Two weeks ago, Cyclone Idai battered the southeastern coast of Africa with high winds and heavy rain. The storms and subsequent flooding devastated Mozambique and parts of Malawi and Zimbabwe, sending death tolls soaring to 750 people—a number that is expected to increase—and affecting over one million more across the region. Nearly 130,000 people in Mozambique alone have sought shelter after being displaced from damaged or destroyed homes and flood waters that have yet to recede. Although the storm has passed, these three countries have a long road to recovery ahead and still face considerable risks in its aftermath.

Despite significant improvements in recent years, access to health care in many of these countries was strained before the storm. In a context where health care facilities and providers were already limited, now several health care facilities are badly damaged and unable to operate. This comes at a time when the World Health Organization and others have raised the alarm about the increased risk of outbreaks of water-borne infections, including cholera (the first case of which was confirmed Wednesday), malaria and typhoid, resulting from a lack of sanitation facilities, contaminated water supplies and standing water where mosquitos can breed.

However, this is only one element in a broad spectrum of risks facing hundreds of thousands of women and girls of reproductive age affected by the storm—all of whom have their own unique health needs in the aftermath of this disaster. Research has shown that women are often disproportionately impacted by natural disasters, with some studies suggesting that women are more than 14 times more likely to die during or following a disaster.

It is estimated that nearly 75,000 women in Mozambique impacted by the cyclone are pregnant, with an additional 20,000 pregnant women living in affected areas of Malawi. Maternal mortality rates in these regions were already among the highest in the world before the cyclone. Now these women face even greater challenges accessing the maternal health care they need. Not only have health care facilities been damaged or destroyed, supplies vital for maternal health care, including oxytocin for treating post-partum hemorrhage, which requires electricity to be kept cool, treatments for HIV and malaria in pregnant women, and even access to clean water during deliveries is now difficult to come by. Meanwhile, contraceptives and menstrual hygiene products remain just as necessary as they had been before the disaster.

Mass displacement, inadequate shelter and sanitation facilities, the separation of families and economic hardship resulting from the storm heightens the risk of gender-based violence (GBV), including rape, sexual harassment and exploitation, domestic and intimate partner violence and early marriage. Ensuring that prevention efforts and services to address GBV—including reproductive health and psychosocial services—are available to survivors from the onset of a natural disaster is critical.

The United States, like many donor governments, has come forward to assist with various aspects of the relief and recovery efforts in Mozambique, Malawi and Zimbabwe. The U.S. government has long worked with a coalition of diverse and effective nongovernmental organizations (NGOs) and United Nations (UN) agencies to respond in crises like this. However, one organization the United States will not be funding is UNFPA—the UN agency mandated to provide reproductive health care and coordinate GBV prevention and response in humanitarian emergencies. This isn’t because UNFPA has willfully shirked its mandate in this crisis or is otherwise unable to provide the health and protection services necessary to respond the needs of those affected by Cyclone Idai. On the contrary, UNFPA mobilized immediately following the disaster.

As a central player in the international community’s response, UNFPA chairs the “protection cluster,” which coordinates UN agencies and international NGOs working on GBV prevention and response in addition to other protection concerns, and co-chairs the “health cluster” with the World Health Organization, which coordinates the emergency health care response. UNFPA has been busy setting up mobile health clinics in hard-to-reach areas, deploying reproductive health kits with much-needed sexual and reproductive health supplies—including post-rape kits—to communities and hospitals, and distributing dignity kits to women and girls.

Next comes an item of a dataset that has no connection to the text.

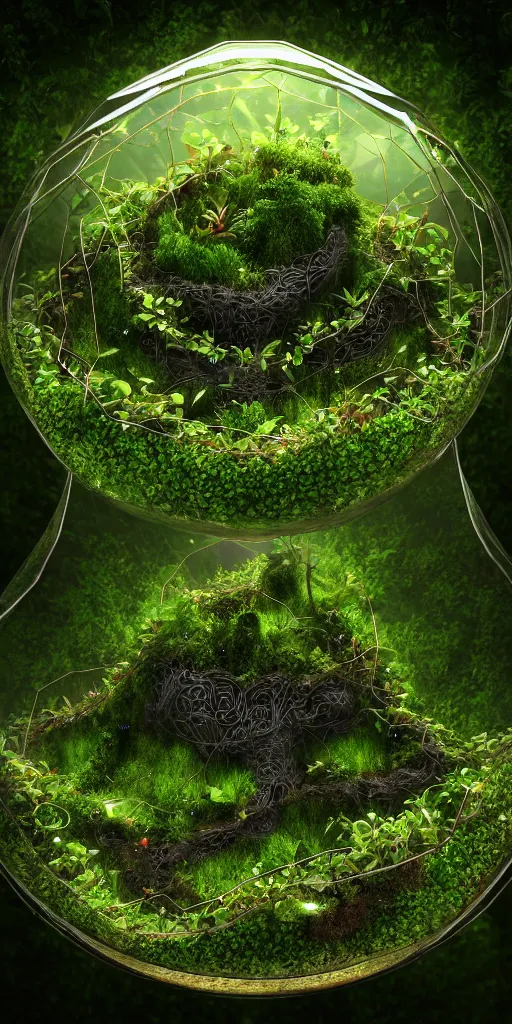 Prompt: graphic of terrarium, vines wrap around the terrarium, unreal engine 5, blender, depth of field, ultra realistic, cinematic, mystical, enchanted, macro, artstation, megascan, intricate, epic, Quixel, weta digital, focus, octane render, v-ray, digital art, highly detailed illustration, golden ratio, prism undertones, rule of thirds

No, the United States cannot fund UNFPA even if U.S. embassies and humanitarian responders view the agency as well-positioned to provide life-saving care in this crisis. That option was taken off the table two years ago when the Trump administration announced their unfounded and politically motivated Kemp-Kasten determination, which continues to bar any U.S. funds from going to UNFPA to support either their core budget or irreplaceable humanitarian work.

Trump administration policies like their expansive Global Gag Rule and the decision to defund UNFPA prevent the U.S. from having comprehensive discussions and making fully informed decisions about which entities we should fund in our development work and during humanitarian emergencies. These decisions, particularly in a crisis, should be based on the needs on the ground and which organizations are well-positioned to respond quickly and effectively, not arbitrarily determined by an administration’s ideological agenda.